Yom Kippur 2020-01-01T12:20:44+02:00

Jom Kippur, auch bekannt als der Tag der Buße, ist der fünfte von sechs jüdischen Mo’edim oder von Gott bestimmten Zeiten in der Thora. Es findet jeden Herbst zwischen dem Fest der Posaunen und dem Laubhüttenfest statt. Für die Juden in Israel und auf der ganzen Welt ist dieses Fest eines der bedeutendsten und feierlichsten Ereignisse, die die jüdische Identität neben der Durchführung des Passahfestes definieren. Jedes Jahr an diesem Tag fasten die Juden und “quälen ihre Seelen” (3.Mose 16,31) einen ganzen Tag lang, erinnern sich an ihre Sünden im vergangenen Jahr und bereuen durch eine Reihe von traditionellen Gebeten und Bitten. Es ist ihre Hoffnung, dass Gott diese Handlungen als Buße annimmt, ihnen vergibt und ihnen ein weiteres Lebensjahr gewährt, indem er ihre Namen in das Buch des Lebens schreibt.
Dieser Tag nimmt für unsere Gemeinschaft in Israel eine etwas andere Bedeutung an und hat eine noch größere geistliche Bedeutung. Seit vielen Jahren veranstalten wir eine Konferenz auf Hebräisch, an der verschiedene Gemeinden aus dem Raum Jerusalem/Tel Aviv teilnehmen. Wir beginnen damit, uns am Nachmittag des Vorabends von Jom Kippur zur Gemeinschaft und zu einem frühen Abendessen zu treffen, bevor wir mit dem Fasten beginnen. Dann verbringen wir einige Zeit in der Anbetung, gefolgt von traditionellen jüdischen Gebeten. Da es im ganzen Land keine Fahrzeugbewegungen gibt, bleiben wir für dieseVeranstaltung die  ganze Nacht beisammen.

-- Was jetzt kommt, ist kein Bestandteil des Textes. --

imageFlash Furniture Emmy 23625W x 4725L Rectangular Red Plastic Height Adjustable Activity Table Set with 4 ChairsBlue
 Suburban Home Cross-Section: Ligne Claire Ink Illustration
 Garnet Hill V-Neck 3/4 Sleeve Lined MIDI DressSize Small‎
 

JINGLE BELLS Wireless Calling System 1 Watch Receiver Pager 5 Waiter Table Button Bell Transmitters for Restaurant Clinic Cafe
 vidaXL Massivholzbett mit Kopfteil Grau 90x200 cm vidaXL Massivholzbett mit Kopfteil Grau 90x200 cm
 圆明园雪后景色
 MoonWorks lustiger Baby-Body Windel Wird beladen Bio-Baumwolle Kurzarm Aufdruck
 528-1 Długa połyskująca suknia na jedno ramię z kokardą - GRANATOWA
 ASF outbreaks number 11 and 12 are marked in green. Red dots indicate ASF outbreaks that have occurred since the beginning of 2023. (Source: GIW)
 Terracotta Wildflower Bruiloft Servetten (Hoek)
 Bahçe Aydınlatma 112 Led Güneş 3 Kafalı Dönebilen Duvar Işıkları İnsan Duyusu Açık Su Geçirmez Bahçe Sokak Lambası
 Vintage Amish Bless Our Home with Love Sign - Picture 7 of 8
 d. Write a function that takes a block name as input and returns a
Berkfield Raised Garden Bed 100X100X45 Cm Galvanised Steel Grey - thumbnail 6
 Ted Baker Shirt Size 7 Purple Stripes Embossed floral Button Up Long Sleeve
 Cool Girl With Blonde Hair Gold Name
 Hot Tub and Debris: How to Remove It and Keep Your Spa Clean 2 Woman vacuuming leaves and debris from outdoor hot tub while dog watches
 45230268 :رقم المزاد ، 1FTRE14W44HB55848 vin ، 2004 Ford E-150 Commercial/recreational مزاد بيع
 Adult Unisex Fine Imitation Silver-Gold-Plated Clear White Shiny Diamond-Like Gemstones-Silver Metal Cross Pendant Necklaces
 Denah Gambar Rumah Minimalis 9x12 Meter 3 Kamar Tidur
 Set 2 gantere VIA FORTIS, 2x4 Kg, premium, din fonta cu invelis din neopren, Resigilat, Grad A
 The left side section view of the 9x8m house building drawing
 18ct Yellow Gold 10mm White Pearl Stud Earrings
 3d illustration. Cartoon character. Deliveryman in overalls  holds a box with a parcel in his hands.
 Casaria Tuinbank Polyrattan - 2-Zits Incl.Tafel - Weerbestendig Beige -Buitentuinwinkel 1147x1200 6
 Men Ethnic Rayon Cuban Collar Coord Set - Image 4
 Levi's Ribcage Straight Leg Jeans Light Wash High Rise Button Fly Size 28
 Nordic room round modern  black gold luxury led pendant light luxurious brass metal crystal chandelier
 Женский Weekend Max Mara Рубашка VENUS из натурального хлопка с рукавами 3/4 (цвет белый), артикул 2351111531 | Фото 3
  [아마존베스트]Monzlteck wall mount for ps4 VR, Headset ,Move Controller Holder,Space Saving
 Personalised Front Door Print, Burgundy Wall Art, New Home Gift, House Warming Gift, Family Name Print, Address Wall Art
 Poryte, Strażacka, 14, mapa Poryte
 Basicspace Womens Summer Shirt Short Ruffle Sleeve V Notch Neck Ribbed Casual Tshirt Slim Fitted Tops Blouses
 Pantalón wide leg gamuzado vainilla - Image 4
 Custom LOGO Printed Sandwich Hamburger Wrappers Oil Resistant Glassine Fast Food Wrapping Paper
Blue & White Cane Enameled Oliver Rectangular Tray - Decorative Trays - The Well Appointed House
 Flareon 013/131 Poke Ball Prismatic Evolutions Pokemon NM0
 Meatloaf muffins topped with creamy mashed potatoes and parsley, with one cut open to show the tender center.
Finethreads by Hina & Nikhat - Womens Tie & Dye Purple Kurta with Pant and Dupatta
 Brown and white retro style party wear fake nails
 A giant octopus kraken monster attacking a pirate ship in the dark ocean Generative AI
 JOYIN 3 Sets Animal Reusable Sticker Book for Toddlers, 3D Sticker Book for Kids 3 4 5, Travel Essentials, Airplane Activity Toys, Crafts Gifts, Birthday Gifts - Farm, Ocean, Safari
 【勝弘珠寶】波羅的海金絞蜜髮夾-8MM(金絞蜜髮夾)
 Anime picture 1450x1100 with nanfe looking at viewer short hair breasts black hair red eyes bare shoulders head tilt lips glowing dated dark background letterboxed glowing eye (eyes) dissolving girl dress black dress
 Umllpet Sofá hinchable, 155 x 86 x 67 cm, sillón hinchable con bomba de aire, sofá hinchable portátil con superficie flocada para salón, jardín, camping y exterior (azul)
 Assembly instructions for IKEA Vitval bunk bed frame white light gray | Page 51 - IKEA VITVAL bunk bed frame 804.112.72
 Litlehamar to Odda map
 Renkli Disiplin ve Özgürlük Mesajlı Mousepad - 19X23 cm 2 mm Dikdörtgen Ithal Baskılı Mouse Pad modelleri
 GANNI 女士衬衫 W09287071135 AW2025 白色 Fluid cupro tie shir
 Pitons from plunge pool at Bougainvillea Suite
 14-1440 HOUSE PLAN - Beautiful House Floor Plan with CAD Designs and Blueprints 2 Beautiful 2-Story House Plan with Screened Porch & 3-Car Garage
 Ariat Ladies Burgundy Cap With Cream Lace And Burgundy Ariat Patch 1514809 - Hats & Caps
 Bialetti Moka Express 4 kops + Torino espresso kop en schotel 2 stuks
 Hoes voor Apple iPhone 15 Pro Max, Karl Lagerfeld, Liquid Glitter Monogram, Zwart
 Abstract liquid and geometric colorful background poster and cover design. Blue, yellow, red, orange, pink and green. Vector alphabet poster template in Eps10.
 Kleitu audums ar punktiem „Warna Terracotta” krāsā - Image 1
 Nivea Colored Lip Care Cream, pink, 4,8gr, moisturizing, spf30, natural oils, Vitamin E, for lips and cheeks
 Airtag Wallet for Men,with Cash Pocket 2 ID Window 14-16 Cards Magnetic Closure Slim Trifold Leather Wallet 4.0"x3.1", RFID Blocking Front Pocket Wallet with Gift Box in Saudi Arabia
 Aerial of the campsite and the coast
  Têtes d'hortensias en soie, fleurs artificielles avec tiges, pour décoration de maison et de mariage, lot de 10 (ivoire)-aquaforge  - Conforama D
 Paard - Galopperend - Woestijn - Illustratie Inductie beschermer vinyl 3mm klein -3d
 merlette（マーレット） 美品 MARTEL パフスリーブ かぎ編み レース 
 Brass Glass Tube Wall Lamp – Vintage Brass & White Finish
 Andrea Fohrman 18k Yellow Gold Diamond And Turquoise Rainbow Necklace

Ein Sabbat der heiligen Ruhe

Am nächsten Tag ist Jom Kippur, in ganz Israel ein Nationalfeiertag und der einzige Sabbat, der vom Staat durchgeführt wird. Fast alle Unternehmen sind geschlossen und alle öffentlichen Straßen und Autobahnen sind stillgelegt. Es ist auch üblich, dass Menschen zu Fuß durch die normalerweise verstopften Straßen der Stadt wandern oder dass Kinder mit dem Fahrrad auf und ab auf den verlassenen Autobahnen fahren, wenn die ganze Nation zum Stillstand kommt.
Während dieser Zeit, bei unserer Konferenz schließen wir uns Synagogen auf der ganzen Welt bei der traditionellen Lesung des Buches Jona an. Diese Geschichte wird an Jom Kippur als eine Buß- Geschichte hervorgehoben, die Inspiration und Hoffnung für den Empfang von Gottes Vergebung geben soll. Aber als Gläubige an Jeschua wissen wir auch, dass wir uns nicht fragen müssen, ob Gott uns vergeben wird, denn unsere Vergebung ist sicher – durch Jeschuas Tod und Auferstehung.

Die letzte Posaune

In der Schrift scheint das Fest der Posaunen mit den Posaunen übereinzustimmen, die die große Trübsal des Buches der Offenbarung verkünden. Es gibt jedoch noch einen weiteren Posaunenruf an Jom Kippur (3.Mose 25,9). Es scheint, dass Jeschuas Rückkehr irgendwie mit diesem Tag verbunden sein wird, wie es in Sacharja 12 beschrieben ist. Deshalb schließen wir unsere Versammlung mit Anbetung und Schreien von “Baruch haba b’shem Adonai” oder “Selig ist, der im Namen des Herrn kommt” ab.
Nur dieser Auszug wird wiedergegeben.